My name is Betin Güneş. I have a German ID as well, but that’s where the similarity ends. If I cut myself, I might bleed the Bosphorus. Still, when I conduct the state symphony orchestra I make a fraction of what my students in Germany do. Opportunities are limited for Turks.

I Thought of the Turkish Chamber Orchestra as the National Team

Since 1988, Betin Güneş has been working as chief conductor of the Cologne Symphony Orchestra and Ensemble Mondial Chamber Orchestra. The Turkish Chamber Orchestra, on the other hand, he founded by bringing together the soloists of the two orchestras; it is comprised of musicians he has performed with for over twenty-five years. He opted for a chamber orchestra because it would travel easily.

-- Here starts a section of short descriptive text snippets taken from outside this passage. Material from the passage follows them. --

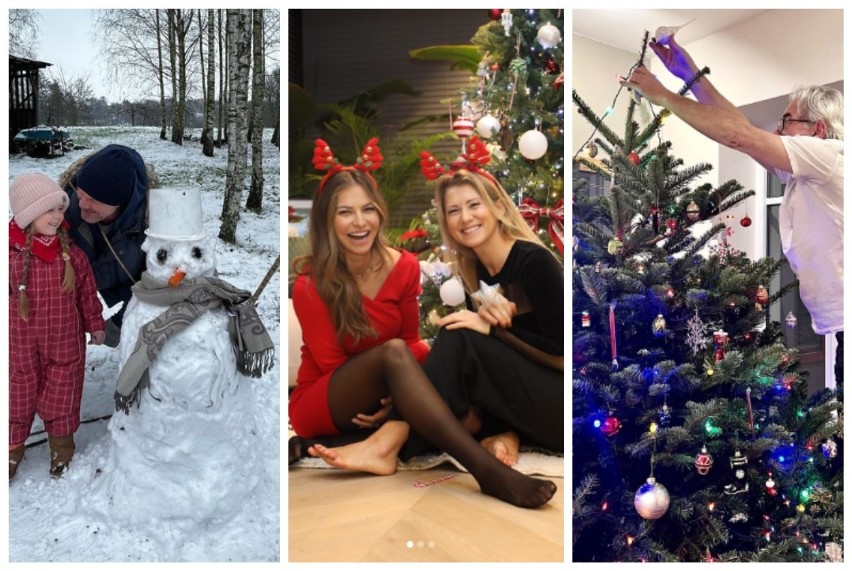 Polscy celebryci i ich sposoby na świąteczną atmosferę....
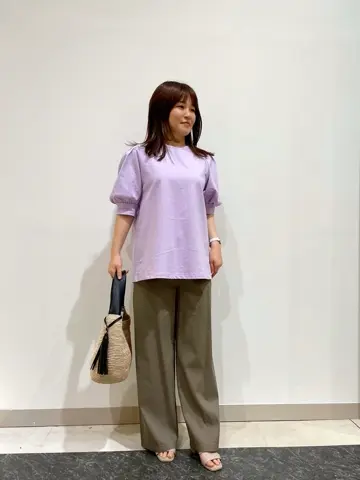 23区 S スタッフ コーディネート画像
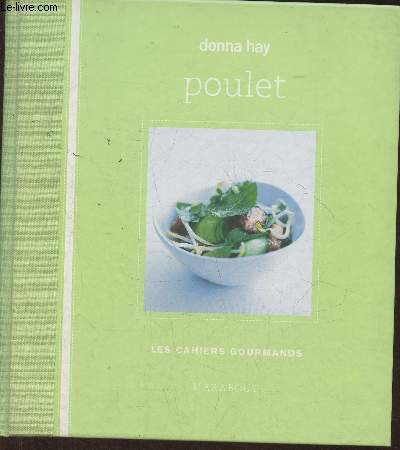 Poulet- Les cahiers gourmands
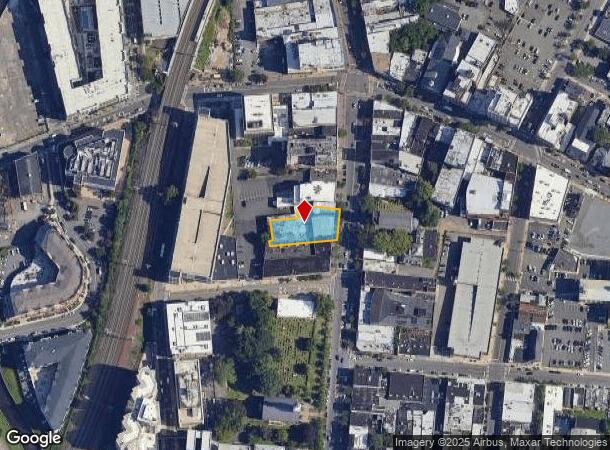 56 Broad St, Elizabeth, NJ Parcel Map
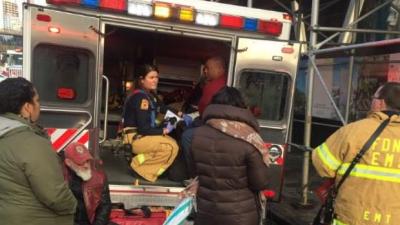 Over 100 People Injured After NYC Subway Train Derails In Brooklyn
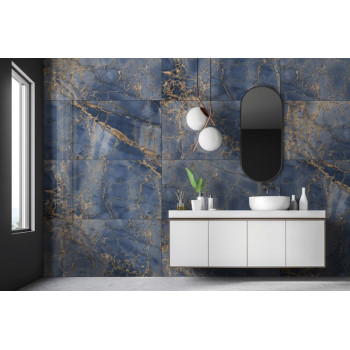 Керамогранит Nabro Gold Blue High Glossy 60x120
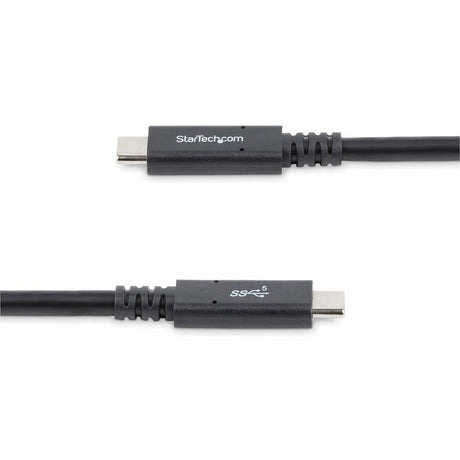 StarTech.com 6 ft (1.8m) USB C to USB C Cable, 5A 100W PD 3.0, Certified Works With Chromebook, USB-IF Certified, M/M, USB 3.0 (5Gbps) — USB315C5C6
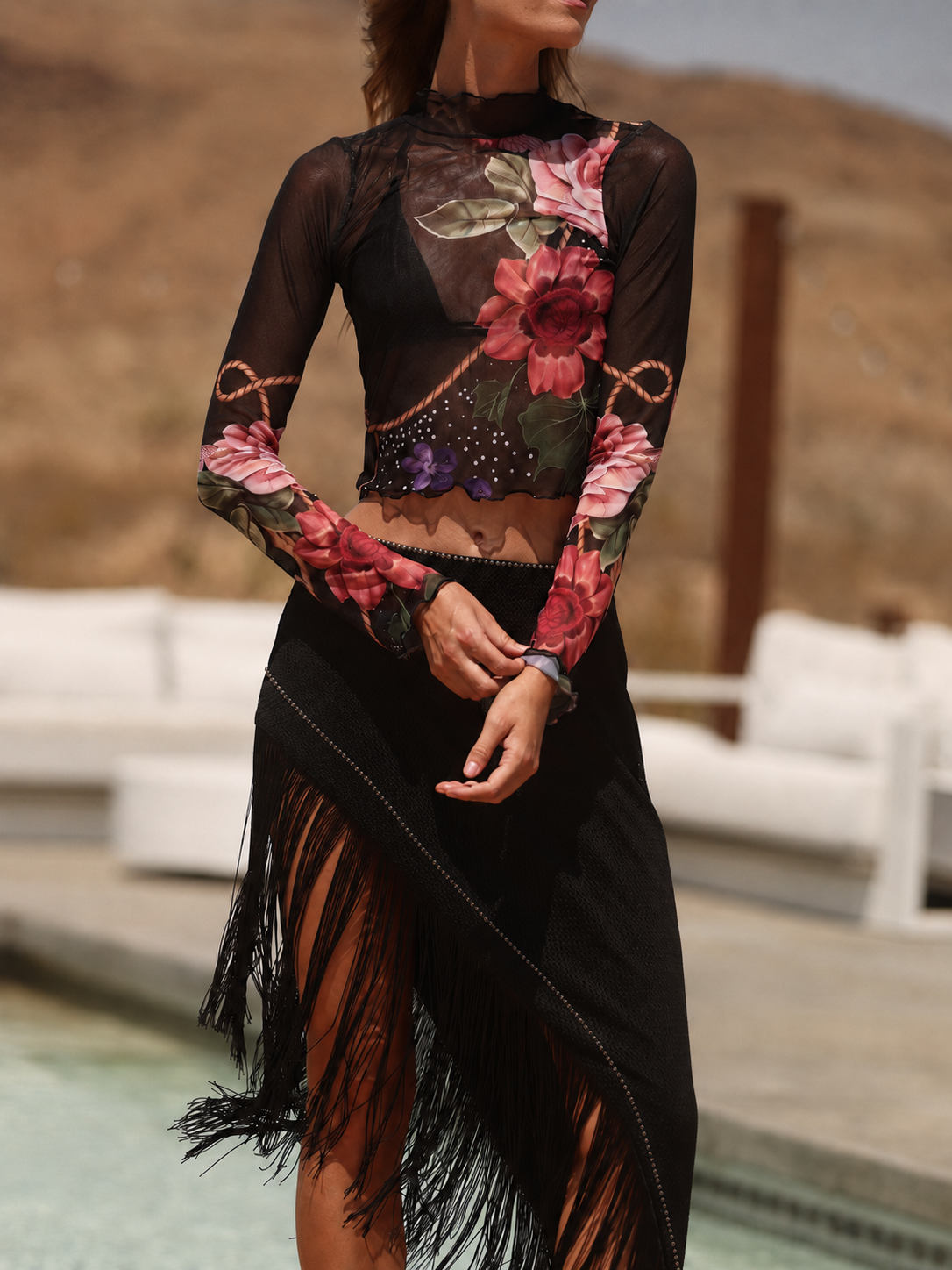 BROOKE ASH SKIRT (SEACOAST)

“I thought of the Turkish Chamber Orchestra as the national team. Our concertmaster is Hungarian, our associate concertmaster is Japanese, all other members are from all sorts of different nations including Russians, Poles and Germans.” With the help of this international cadre, he has been compiling the operas of symphony and philharmonic orchestras. The denotation of “Turk” in the title of the orchestra carries the additional task of fighting prejudice. The orchestra also plays Mozart pieces arranged by Betin Güneş, who at times adds percussion, such as the darbuka, to these pieces where he sees fit. 

Turkish Chamber Orchestra, with former Germany President Angela Merkel.

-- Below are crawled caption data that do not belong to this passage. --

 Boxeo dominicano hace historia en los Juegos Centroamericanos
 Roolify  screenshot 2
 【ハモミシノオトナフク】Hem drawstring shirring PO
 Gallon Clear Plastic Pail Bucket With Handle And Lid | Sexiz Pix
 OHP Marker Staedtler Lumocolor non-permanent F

They “even performed for Merkel”. “She heard our violin concerto. Coming back to the issue of value. It was a concert at the parliament, and we were trying to figure out how to park our vehicles. They had had the police close off an avenue so that we could park comfortably and get on with our concert.”

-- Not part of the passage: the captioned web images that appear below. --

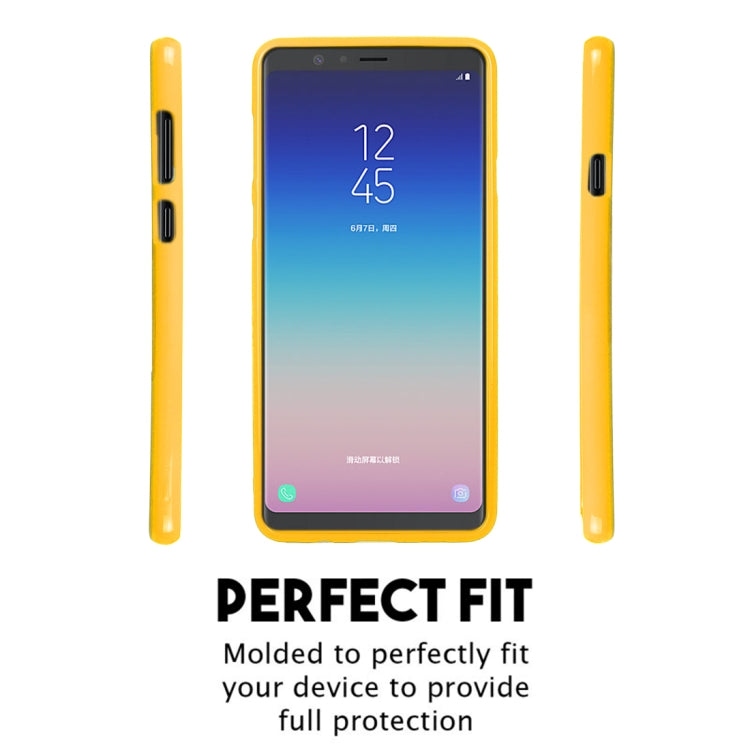 GOOSPERY PEARL JELLY Series Drop-proof TPU Case for Galaxy A8 Star (A9 Star)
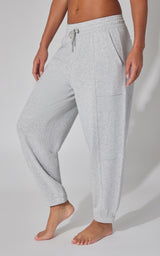 Washed Loop Terry Barrel Jogger - 90 Degree by Reflex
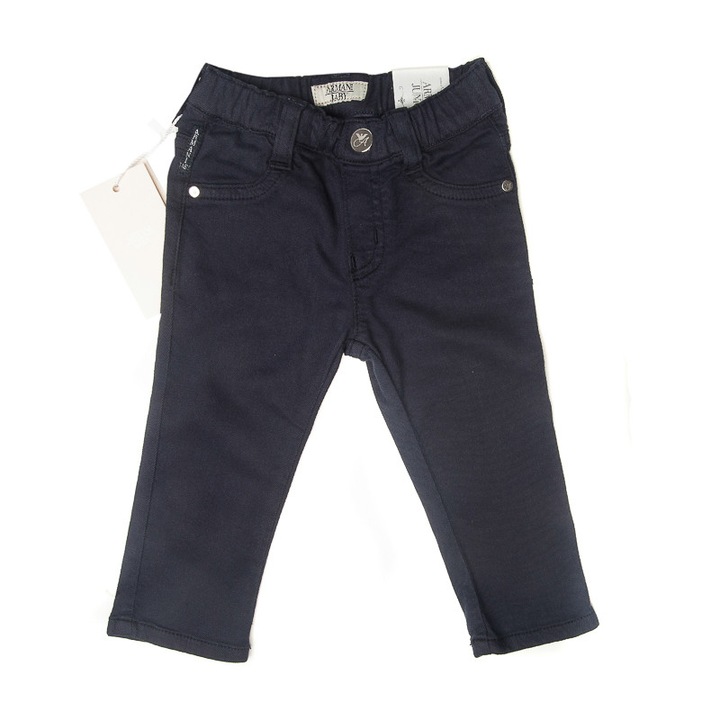 Leggings unisex albastri Armani Baby 6 luni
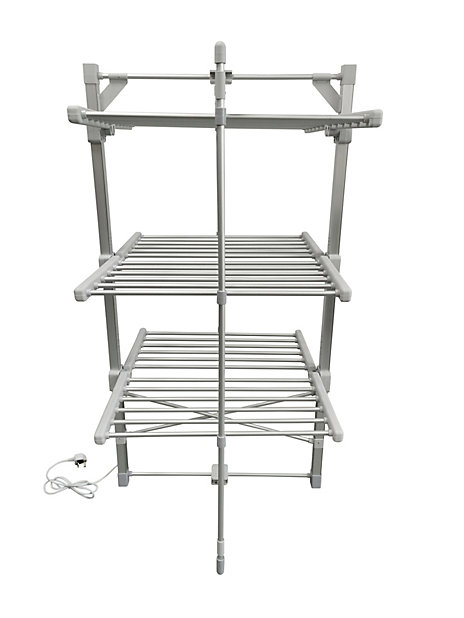 Highlands Deluxe 3 Tier Heated Airer Drying Rack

Betin Güneş, who in addition to the symphony orchestras of the state conducted many orchestras including the Scottish Chamber Orchestra, WDR Orchestra, and Philharmonie Köln, and whose original work has been performed by the philharmonic orchestras of Berlin and London, continues to work and be productive. He plans to realize a concert series with his current project 7 Nota 7 Kıta [7 Notes 7 Continents] that will be carried out in 75 countries.

Let’s end on these words by Betin Güneş that sum up his larger philosophy: 

“Music gives one energy and will to live. That’s why we have to instill it in young people, as well as our own selves. If we could only distribute it like the Covid vaccine, it would fix the world, cleanse it of war and weapons. Music can actually help us communicate. It has no language, religion or ethnicity. Let us join hands.”

This piece is written in the framework of #60JahreMusik project financed by Berlin Yunus Emre Institute.